Per Blond, ogni sintesi è posticcia. Non si può predicare "morali e mercato": l'appello alla coscienza del singolo, l'etica come orizzonte individuale, un conservatorismo dei comportamenti che si fa proposta da accogliere o rifiutare, è perdente. Perché esso può acquistare salienza solo se crea un senso di comunità, solo se reagisce allo spappolamento, solo se contesta «il consenso politico che è ormai liberale di destra in economia e liberale di sinistra nella cultura». Solo se riduce l'individuo a una nota a piè di pagina nella storia dei popoli.
Descrivendo il New Labour, alcuni parlavano di un sospirato «innervamento della cultura liberale sul ceppo della cultura socialdemocratica». Quanto tempo è passato.
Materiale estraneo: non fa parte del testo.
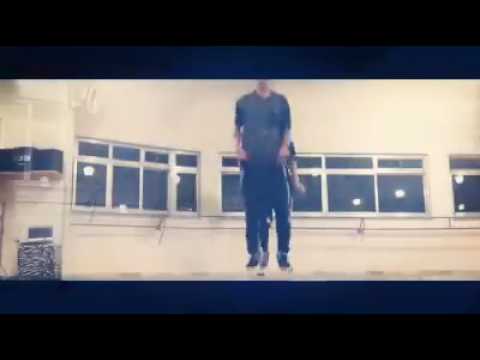 Nickolas Bernard Ft. Gui Vallejo👟Free Step👟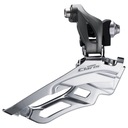 Przerzutka przód Shimano Claris FD-R2000-F 2rz.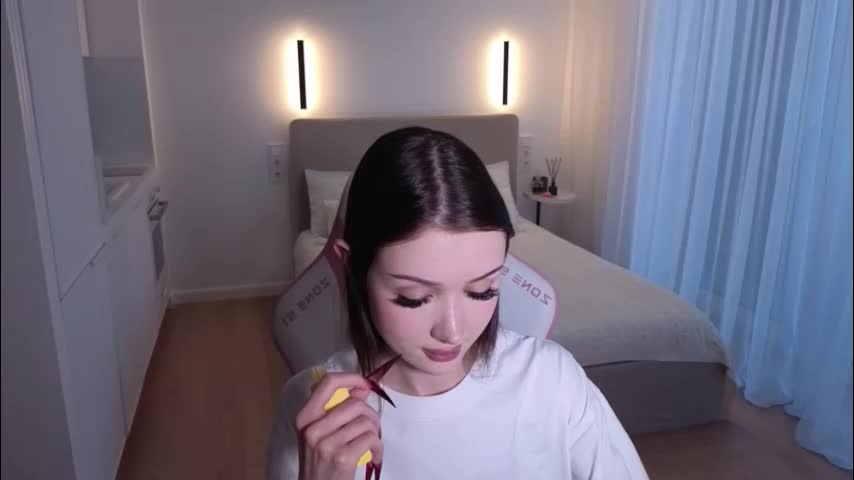 sweetiebones Adult Chat December 29, 2025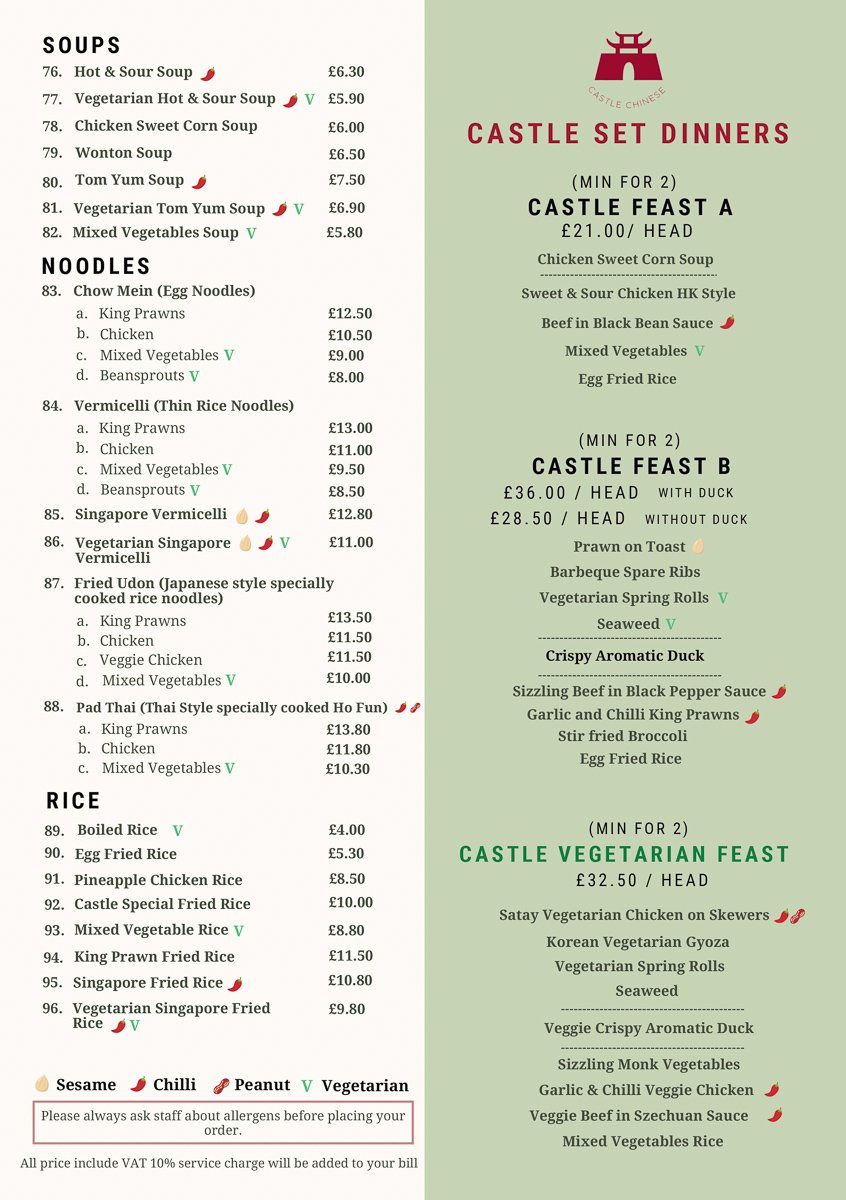 Castle Chinese Lewes - Mobile Restaurant Menu - Page 3.jpg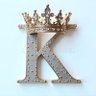 Konga Theo's profile picture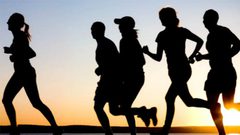 النشاط البدني يخفض من خطر الوفاة المبكرة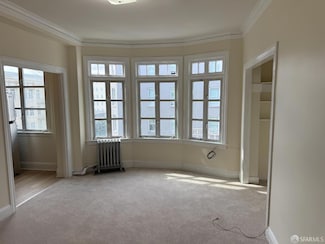 810 Hyde St Unit 503, San Francisco, CA 94109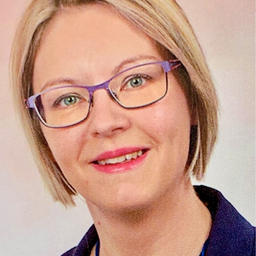 Christin Schwager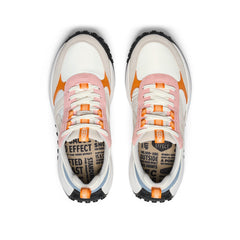 Chaussures de randonée Keen KS86 Femmes - Plein air Entrepôt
Sembrava essersi compiuta un'evoluzione, a sinistra: ora abbiamo davanti un'involuzione della destra, che inevitabilmente porterà anche i suoi antagonisti politici a ripiegarsi su se stessi, a rispolverare pagine perdute, a rifugiarsi in un'utopia già sconfitta.
Vediamo se si passerà dalle suggestioni alle politiche. Gli inglesi hanno forti anticorpi e la sbandata statalista di Brown rafforza chi fra i Tories non dimentica che, nella recessione dei primi anni Ottanta, la Thatcher fece manovre di riduzione della spesa. Negli Stati Uniti, sono bastate poche settimane di Obama a restituire smalto antistatalista ai repubblicani.
Eppure, il ritorno di fiamma del comunitarismo di destra è un fenomeno da non trascurare. Le sue determinanti sono tante, e il tatticismo di Cameron non è fra queste. C'è la frustrazione degli intellettuali nei confronti del "mercatismo", poco incline a riservare loro lo scranno dei filosofi-re. E c'è la ricerca di un posto al sole da parte della destra dei valori, che costituisce parte importante dell'elettorato e che non ci sta più a giocare un ruolo da comprimario. Negli stessi movimenti che hanno sostenuto Margaret Thatcher e Ronald Reagan, hanno convissuto segmenti della società che erano la punta più avanzata e moderna dell'Occidente, e nostalgici di un mondo che fu. Non li teneva uniti l'insofferenza per l'establishment e per lo Stato, che virtuosamente si rifiutavano di piegare ai propri fini. Li tenevano uniti leader capaci di spiegare loro perché non si doveva prendere la scorciatoia statalista. Quei leader sono estinti.